The giant is yanking her left arm from between her criss-crossed legs. Halver’s Orienteer, Mila, is slowly approaching the giant, hands raised in front of her chest in the international sign for don’t kill me. “It’s okay, it’s going to be okay, we’re here to help. You have the best vocation!” she says, forcing a cheery tone through her obvious terror. She stops well beyond arm’s reach and rests her left hand on the nearest mana orb. The orb glows a faint pink and Mila winces before pulling her hand back as if from a hot stove.
The giant bellows while trying to pry her knees apart. Halver feels a twinge of satisfaction, as if he were very hungry and swallowed his first bite of lunch. Tiny blurry text appears in the bottom left corner of his vision. As he moves his eyes toward the text it enlarges and comes into focus.
Mana: 1
Having mana to work with, Halver wonders if he can help. The goddess gave him magical affinities, but no spells. The only way he knows how to spend mana is using ephemera, the instrument-less musical mastery he chose. A song of calm, he thinks, maybe I can do that with one mana. He opens his mouth imagining singing a song, but instead pushes the mana from within himself, willing the air to vibrate. It’s a simple song, long wordless notes urging serenity to everyone who can hear it. The rasping breaths from the frogfolk heap ease, the clerk peaks out from behind his desk, and Mila, several moments too late, motions elaborately with both hands before saying, “Calm,” with serene confidence. The giant, freshly disentangled, loses her rage, flopping her legs off the front of the dais while propping herself up with her arms behind her.

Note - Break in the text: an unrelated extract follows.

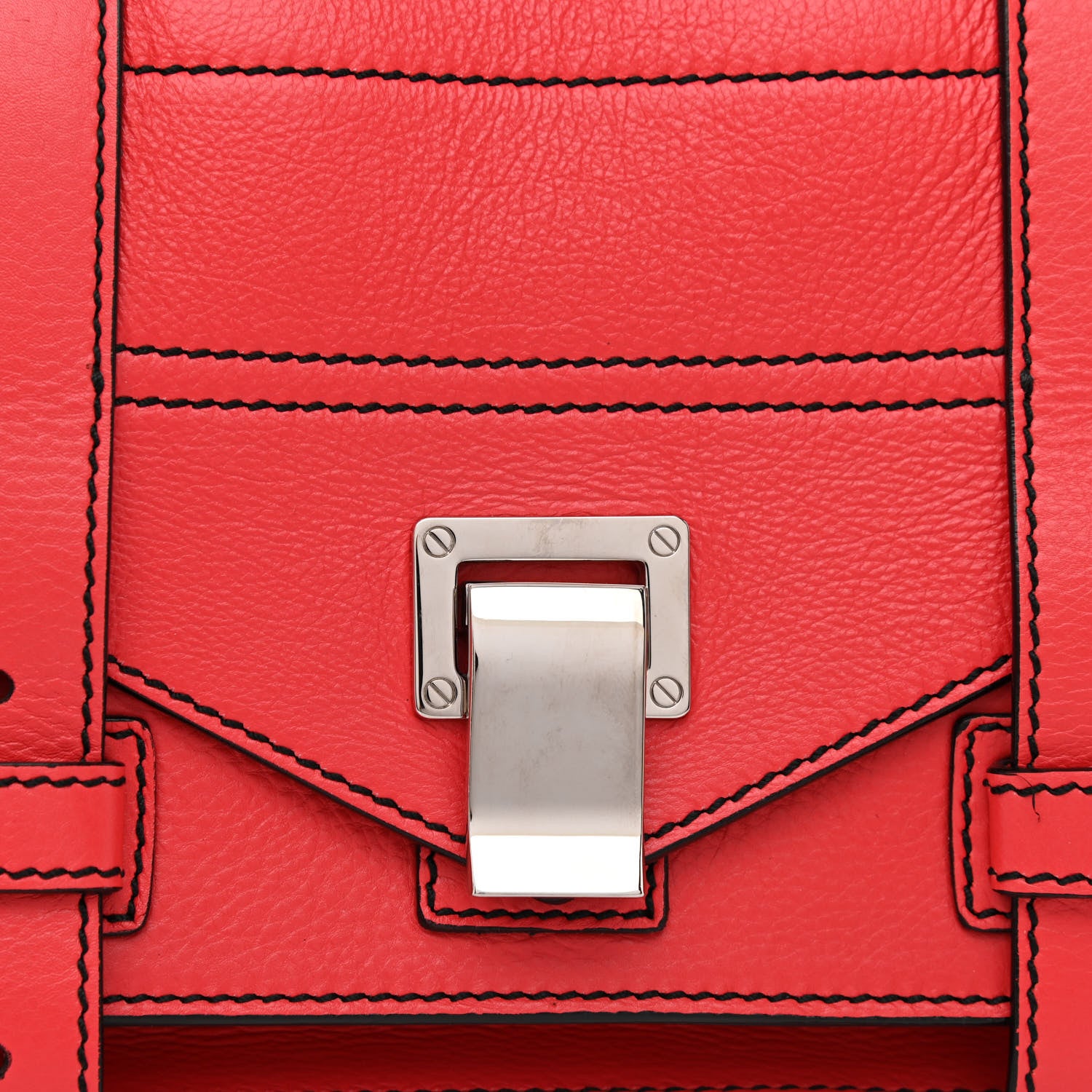 Proenza Schouler Lambskin Tiny PS1 Satchel Red 8 of 10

Mila moves to Halver, speaking loudly enough for everyone to hear, “Nice try, but you’re not going to get very far without mana.” She gets closer to whisper, “Meet me at the Crushed Spirit after dark,” and winks suggestively. Then, aloud again, “Off you go, the line on the right.”
Halver opens his mouth to protest it was more than a “nice try,” when it occurs to him that the special attribute he got from the goddess might be a little more than special. He nods and heads out through the door.